During the third quarter, the fourth horizontal well (60% working interest) commenced production August 22nd and averaged 2.5 Mmcf per day gross raw gas in September with the current rate being 2.0 Mmcf per day gross raw gas (235 net Boe per day). Performance to date is consistent with earlier horizontal wells. Also in the third quarter, the fifth and sixth horizontal wells (60% working interest) were drilled and cased with both being drilled approximately 20 metres lower in the Montney formation.
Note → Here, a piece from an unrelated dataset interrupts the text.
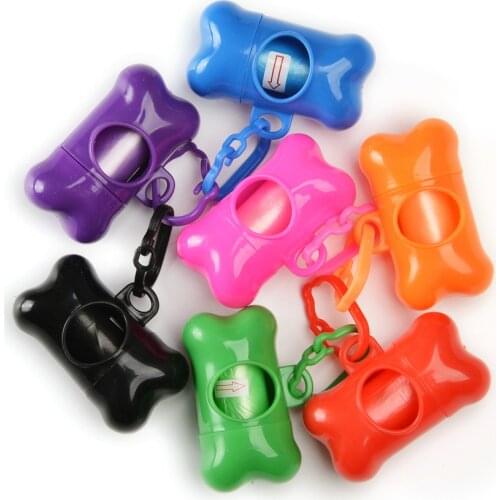 Pet Pick-up Bags portable Garbage Bags with Plastic Bone-type Storage Box Cat Dog Poo Clean-up Waste Bag Pet Cleaning Supplies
Both have been completed with larger slickwater fracture treatments and are expected to be tied in and producing by late November.

In the fourth quarter, two more horizontal wells will be drilled (1.2 net) with completion and tie-in of both planned for the first quarter of 2013.

Storm’s activity in 2012 has been focused on drilling horizontal wells to continue expanding the areal extent of the resource in the Montney formation and to modify completion techniques to improve horizontal well flow rates and reserves. On the fifth and sixth horizontal wells, the wellbores were drilled lower in the Montney formation and the completions were modified by switching to larger slickwater fracture stimulations with reduced spacing between fracture treatments. Currently, four horizontal wells are producing from the Montney formation with production history for each horizontal being periodically updated and shown in the presentation on Storm’s website To date, the gross cost to drill and complete each horizontal has averaged $5.3 million. As the focus transitions from resource delineation to development in 2013, horizontal well costs are expected to decline by drilling wells from common pads and by eliminating logged, vertical pilot holes.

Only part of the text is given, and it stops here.